If we had never gone into Vietnam, huge populations would never have been displaced into Saigon, we would never have created a client "anti-communist" welfare state in the cities, and this "community" would never have had occasion to emigrate en masse to the United States. On the other hand, having disrupted their country and put them in that position, we owed them refuge, no question.
Then, they bring with them a kind of politics that the dark side of U.S. diplomacy taught them, overseen by the self-taught gangsterism of men like Nguyen Cao Ky, who last I read was running a chain of liquor stores in Orange County and running protection rackets on his "fellow countrymen."
So, at best, Sanchez's words are poorly chosen, not unlike a lot of Republican ads I've run across. But, I don't have a clear picture of what "the Vietnamese" really means to people in Orange County, politically speaking, and I do know how mendacious Republican candidates can be, most of the time.

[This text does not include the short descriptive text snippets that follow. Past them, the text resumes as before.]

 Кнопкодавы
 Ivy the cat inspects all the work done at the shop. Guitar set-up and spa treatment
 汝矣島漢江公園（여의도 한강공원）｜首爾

In my lovely state, there is a Republican running on attacks against the economic recovery bill, who says he's never sought federal stimulus money for his company, when there are multiple documented instances when he did.
I'd like to see Sanchez speak in a more nuanced way about this, but from what I hear, nuance kind of goes over the heads of even some well educated college instructors in Orange County.
Siarlys,
Me thinks you don't know much about the Vietnamese community. They are quite large here. There have been some problems with youth gangs, but all in all, the community has done well.

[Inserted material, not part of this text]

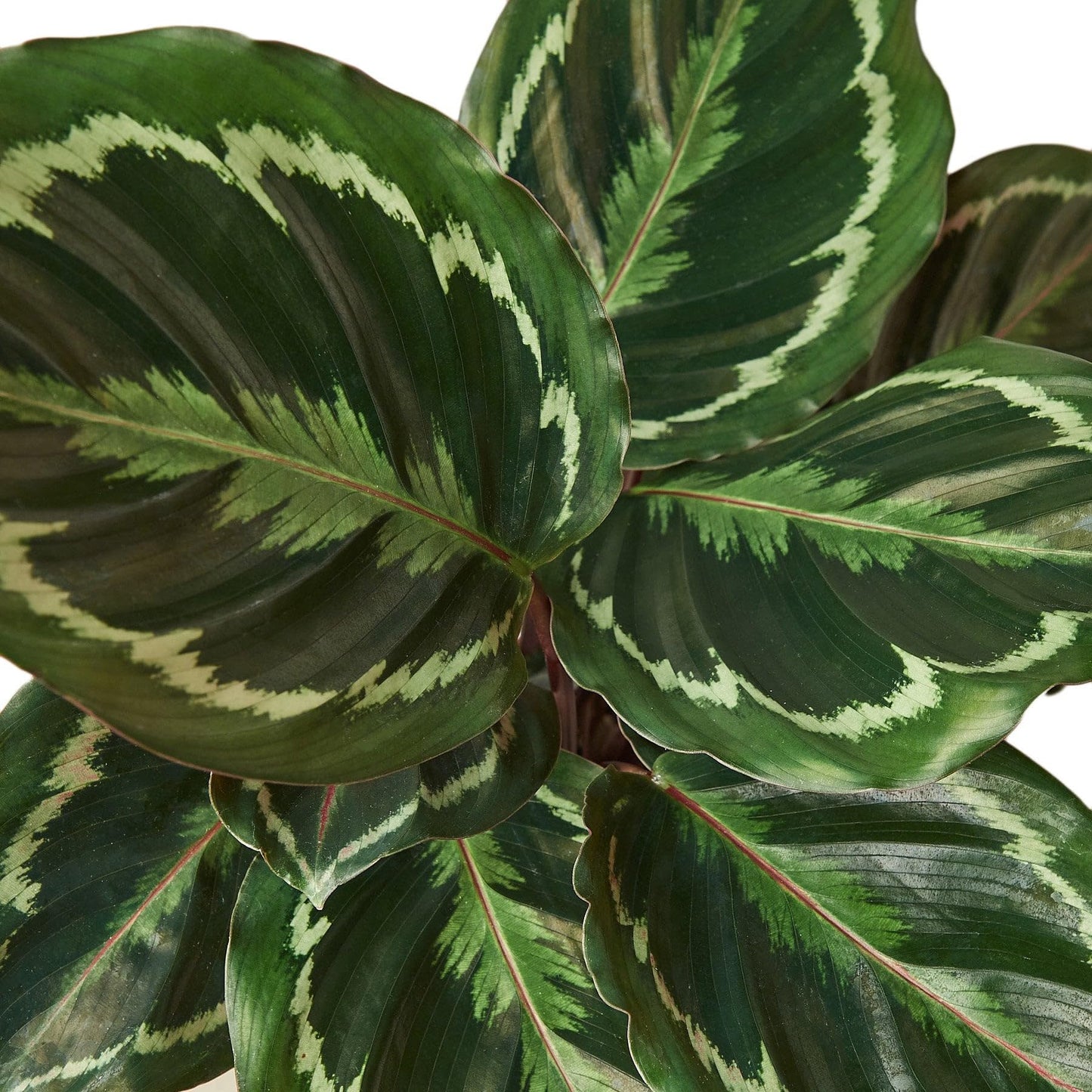 7 Pack Calathea Roseopicta 'Medallion' in 4in Pot - Live Plants Tropical Houseplants | Variegated | USA Growers | The Snobby Leaf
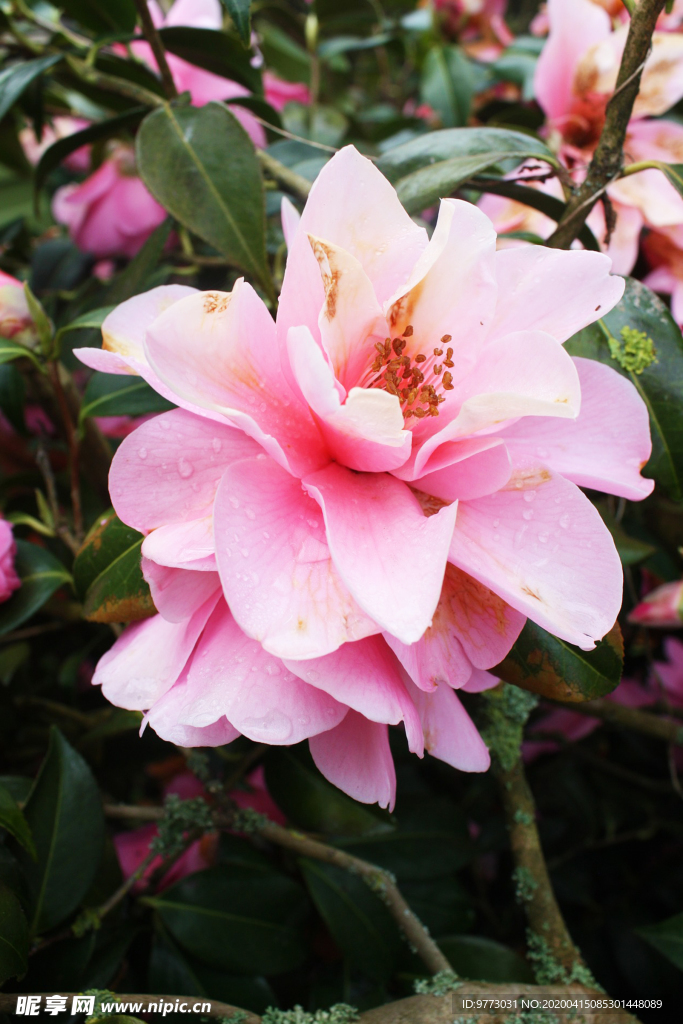 茶花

You are not really going to blame the Vietnamese community for the defeat of William Jefferson are you?
Ky is dead, if I am not mistaken.
I'm not "blaming" any "Vietnamese community" for the defeat of Jefferson. I'm applauding the fact that a mostly black district could elect a Vietnamese candidate to replace an obviously corrupt incumbent who happened to be the same color as most of the voters. I don't know if that is exactly what happened, I don't know Louisiana that well, except that I love the speeches of Huey P. Long. But it looks that way, and its a great "only in America" story.
Ky is dead? Well, I must not speak ill of the dead. He won't be missed.